Usually when someone eats some food but gets sick for whatever reason and vomits it back up, they grow an aversion to that food. I don't know how many times I've puked up my alcohol, but I still love it all the same. Now that's love right there, the only problem is alcohol doesn't love me back. As you can see from link of my blog, i am a mexichink. Meaning, I am half mexican, half chink. But when it comes to drinking my last name might as well be Chang, or Quan, or- well i think that's all of them right there. But let me tell you what happens when i drink.
I take a swiggy. I feel the back of my ears get kind of hot. Holy shit as a matter of fact, my entire face is getting kind of hot. Someone comes up to me and says, "hey greg, why are you turning red?". I respond, "Because i'm asian, fuckoff". 15 minutes later the same person comes back and says, "Holy shit greg you're even redder than before". I respond, "yes, i'm asian, fuckoff". Now i'm feeling so self-conscious about being all tomato faced I don't even want to be seen, yet alot spit at some fine dimes. And I know what you're thinking. You're thinking "holy shit this dude is mexican asian but he just said "spit at some fine dimes"". Mmmhmm. And I know what else you're thinking. You're thinking, "cry me a fucking river build a bridge and get over it". BUT YOU DON"T UNDERSTAND. My redness when I drink it one of a kind. I can stop a train with my redness. I bet if i walked into a room with the lights on, everybody would come to a hush and stare at me, just like in my dreams but instead I'm naked in those. And its funny because sex scenes was just talking today about how people have the tendancy to embellish the truth in their blogs. If anything, what I speak of is an understatement.

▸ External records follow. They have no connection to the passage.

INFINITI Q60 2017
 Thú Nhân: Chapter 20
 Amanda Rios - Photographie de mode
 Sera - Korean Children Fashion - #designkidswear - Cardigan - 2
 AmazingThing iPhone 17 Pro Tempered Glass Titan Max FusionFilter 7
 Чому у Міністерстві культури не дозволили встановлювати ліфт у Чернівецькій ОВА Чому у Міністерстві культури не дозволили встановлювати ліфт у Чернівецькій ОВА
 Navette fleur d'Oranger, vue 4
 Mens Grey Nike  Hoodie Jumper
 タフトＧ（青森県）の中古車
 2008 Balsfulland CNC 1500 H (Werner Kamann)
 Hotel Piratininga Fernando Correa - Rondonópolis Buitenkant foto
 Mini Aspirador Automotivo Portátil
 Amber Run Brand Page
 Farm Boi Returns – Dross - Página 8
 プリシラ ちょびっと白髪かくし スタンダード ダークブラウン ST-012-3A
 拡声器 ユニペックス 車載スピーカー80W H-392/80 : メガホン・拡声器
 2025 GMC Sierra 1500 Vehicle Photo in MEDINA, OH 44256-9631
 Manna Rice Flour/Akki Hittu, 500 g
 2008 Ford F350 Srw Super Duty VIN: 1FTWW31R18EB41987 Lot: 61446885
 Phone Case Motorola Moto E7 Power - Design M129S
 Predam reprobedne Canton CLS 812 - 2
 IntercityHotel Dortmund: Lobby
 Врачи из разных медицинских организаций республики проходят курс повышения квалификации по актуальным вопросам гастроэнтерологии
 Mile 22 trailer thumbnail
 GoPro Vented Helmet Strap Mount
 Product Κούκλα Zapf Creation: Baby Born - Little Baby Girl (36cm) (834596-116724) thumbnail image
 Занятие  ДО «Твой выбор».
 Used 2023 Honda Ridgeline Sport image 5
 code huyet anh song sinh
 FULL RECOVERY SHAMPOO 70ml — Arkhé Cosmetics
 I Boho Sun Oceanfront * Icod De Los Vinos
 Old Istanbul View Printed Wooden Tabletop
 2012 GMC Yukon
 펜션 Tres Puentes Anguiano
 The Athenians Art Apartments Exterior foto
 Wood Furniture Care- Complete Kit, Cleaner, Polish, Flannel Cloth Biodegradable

So why do i still drink? Selfish reasons of course. There's always those times where i just don't give a shit about how I look. And then there's those times where i wanna drink but i do care about how i look, so i gotta drink myself retarded to the point where i don't care anymore. And that's always fun but slightly unproductive because that's alot of booze. And I can't handle alot of booze. I tend to vomit. And then i gotta clean my shoes off the day after. And if I was really hacking it, I gotta clean my pants off too before they hit the washer. Either that or tell my mom i spilled some soup on them the night before. Because she still does the laundry for me. I'm 19 btw.